I draw the line at making financial moves that didn't make sense to me just to improve my credit. When I was first starting out I was told I'd never get credit if I didn't take out an expensive personal loan or carry a balance on some credit card so I could get a mortgage. I don't take out unsecured personal loans and I don't pay credit card interest. Somehow I got by, including a quarter-million dollar mortgage when I was a single mother. And, at this point I don't need to worry about getting a mortgage anymore and it's fun to rail at the lenders because they've done so many stupid things in the past!

Back to the OP- I was so busy railing at the lenders I didn't answer your question. I'd be inclined to pay some principal regularly even though it's interest only. Maybe make principal payments when the market is down. Real estate doesn't always go up and I like building equity, especially in retirement.
 
As the OP, thanks everyone agree the thread took a side turn.

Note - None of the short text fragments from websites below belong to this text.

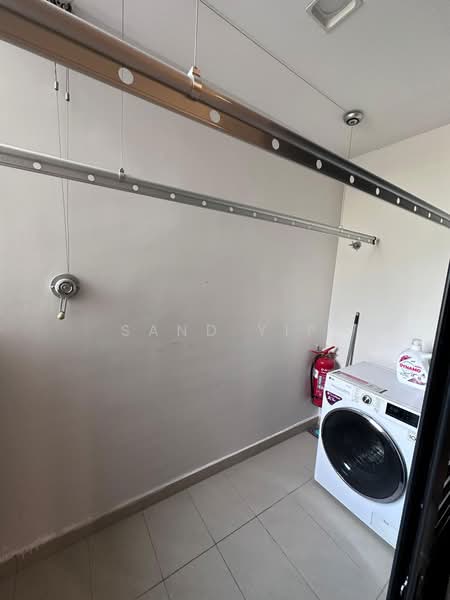 Kediaman Servis untuk Dijual di The Potpourri - Sand Yip - PropertyGuru.com.my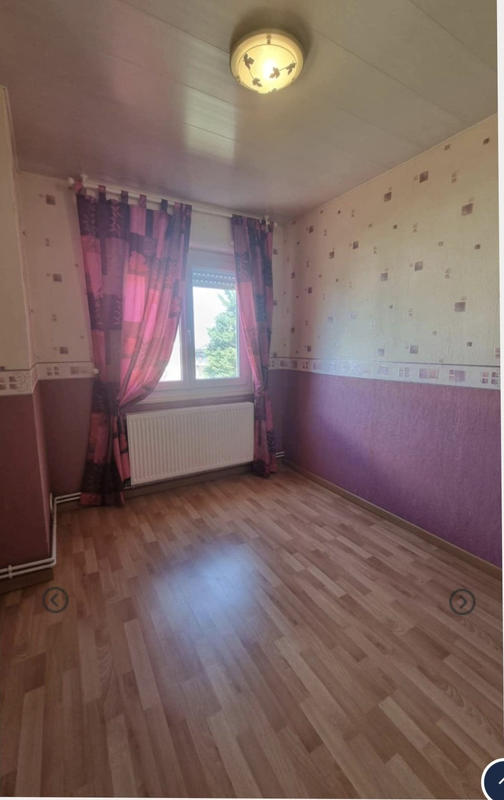 Maison - 70 m² - 4 pièces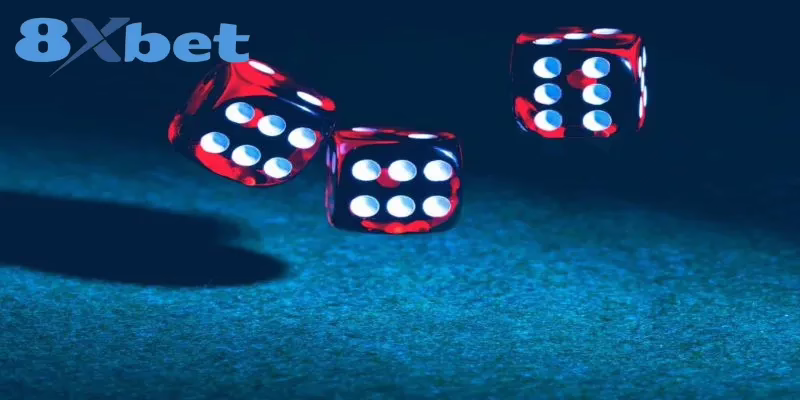 Cách Chơi Sicbo Tại 8XBET – Chiến Thuật Tài Xỉu Cực Chuẩn 4 Tổng hợp các loại cược Sicbo cơ bản và tỷ lệ trả thưởng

My comment about volume mortgage folks being constrained to a very limited formula was incidental, took the brunt of the replies, including questioning qualifications. And those constraints may be overdone but needed some reigning in after 2008.

Real question was related to whether or not use a cheap LOC while it made sense to do so rather than using cash. Now realizing maybe not that different than a mortgage except the LOC has no points or fees and is a month to month thing, easy to shed.